Recensie De Notenkraker
"Introdans danst de hipste bewerking van De Notenkraker én heeft de meeste glitter" - de Volkskrant
Bij kerst hoort ‘De Notenkraker’, in drie versies. Die van Introdans is het hipst én heeft de meeste glitter. De Belgische choreograaf Jeroen Verbruggen (41) husselt bij deze moderne Notenkraker Tsjaikovski’s muzikale opbouw flink door elkaar.
door Annette Embrechts – 17 december 2024
De donkere dagen rond kerst betekenen voor dansliefhebbers zeker ook: Notenkraker-tijd. Dit ballet sprookje uit 1892, toen gechoreografeerd door de Russen Marius Petipa en Lev Ivanov op de magische compositie van Pjotr lljitsj Tsjaikovski (vol getingel op kinderinstrumentjes), is in liefst drie versies in Nederland te zien.
Het Charkiv City Opera & Ballet toert met de traditioneelste versie, wat daarvan is overgeleverd via notitieboeken die na de Oktoberrevolutie uit het keizerlijke Rusland zijn gesmokkeld. Het Nationale Ballet presenteert de (uitverkochte) reprise van de weelderige Notenkraker & Muizenkoning (1996), met een naar Nederland vertaald feestverhaal, waarin dochter Clara niet met kerst maar met Sinterklaas een Notenkraker-pop cadeau krijgt. Terwijl Clara zich laat overweldigen door de toverlantaarn van oom Drosselmeyer en zijn neef, groeit de pop tijdens haar dromen uit tot een aantrekkelijke prins in gevecht met een leger kwaadaardige muizen.
Geen kerst of sneeuwvlokjes
Het Arnhemse gezelschap Introdans danst de hipste bewerking, een winterballet zonder associaties met kerst en sneeuwvlokjes, maar mét verwijzingen naar het oorspronkelijke volksverhaal waarin Marie (zoals Clara eigenlijk heet) noten kraakt om kwade geesten op afstand te houden, op weg naar (zelf)liefde en volwassenheid.

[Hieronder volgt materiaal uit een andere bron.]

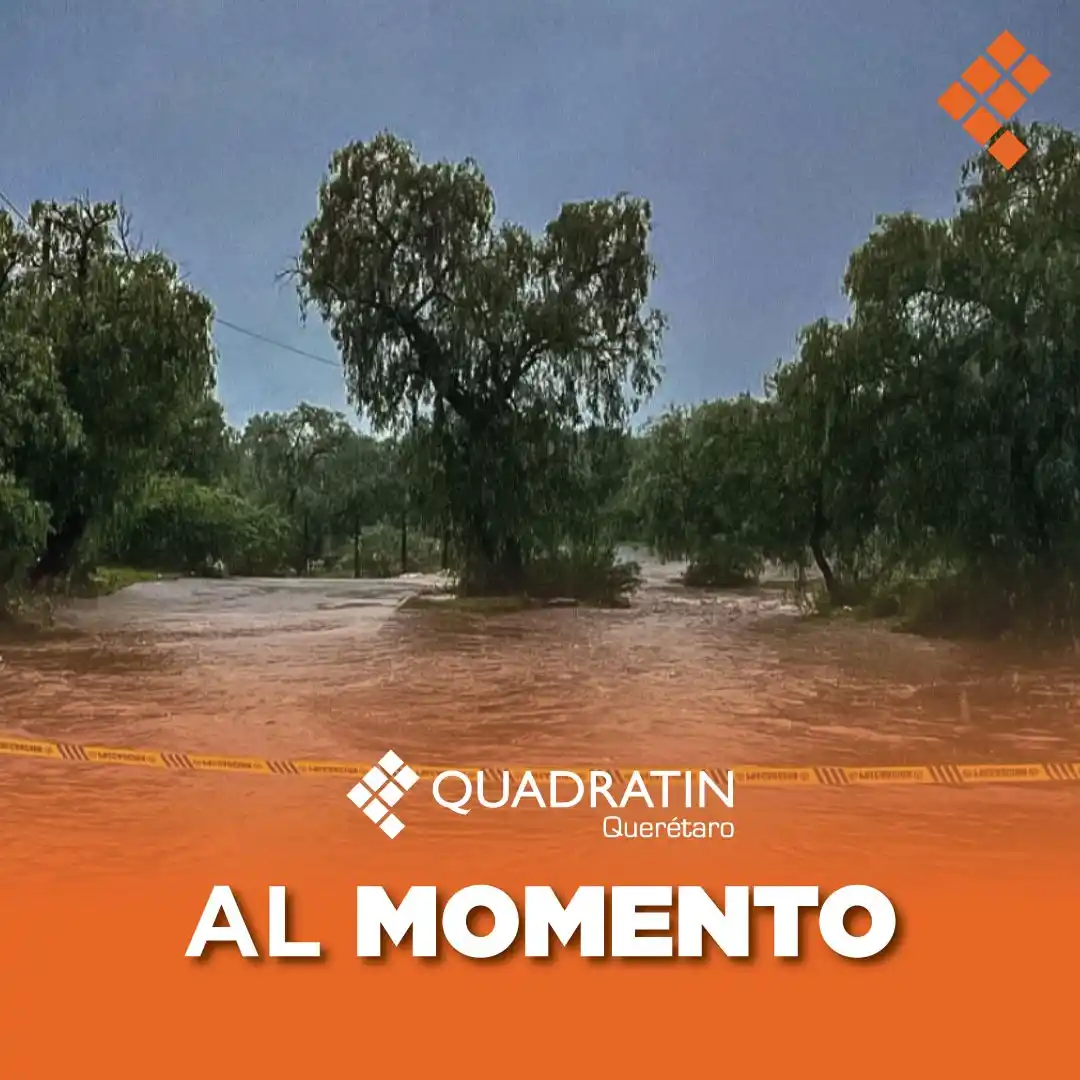 Image from Quadratín Querétaro: <a class="text-blue-500 hover:underline cursor-pointer" href="/hashtag...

De Belgische choreograaf Jeroen Verbruggen (41) husselt bij deze moderne Notenkraker, in 2014 gemaakt voor het Ballet du Grand Théatre de Genève, Tsjaikovski’s muzikale opbouw flink door elkaar en laat Drosselmeyer, de Notenkraker en de Prins bij aanvang al samensmelten tot één overactieve groep van gemaskerde mannen die continu transformeren. Tienermeisje Marie (Nienke Wind, alternerend met Juliette Jean) voelt zich een vreemde op een bal en stapt door de deur van Drosselmeyers magische klerenkast. In de bloementuin daarachter ontdekt ze zichzelf en haar geliefde (Giuseppe Calabrese alternerend met Alberto Tardanico). Het is door de snelle wisseling van scènes en de stortvloed aan transformerende figuren niet allemaal te volgen. En er is weinig rust om chemie tussen personages te laten ontstaan. De logica loslaten werkt beter.
Swing en slapstick
De Introdansers geven zich met bravoure over aan de choreografie, waarin swing wedijvert met slapstick. Daarbij springen de uitbundige kostuums en het glamoureuze decorontwerp van het Bulgaars Franse modeduo On aura tout vu het meest in het oog. Van de dubbele kroonluchter en grillige spiegels tot de knaloranje bolsters voor gemaskerde mannen en de stekelige pofmouwen en heupen voorde vrouwen. Het is een komen en gaan van zwart-witte slipjassen, glanzende sjerpen en opgedofte body’s. Terwijl bellen rinkelen en fluiten schetteren danst iedereen onder aanvoering van Drosselmeyer (een speelse Vincenzo Turiano, alternerend met Jillis Roshanali) de sinistere kast in en uit, waarbij dunnetjes met queer-zijn wordt gespeeld. Al zorgt dat weer voor nieuwe noten om te kraken in deze extatische glitterbewerking van De Notenkraker.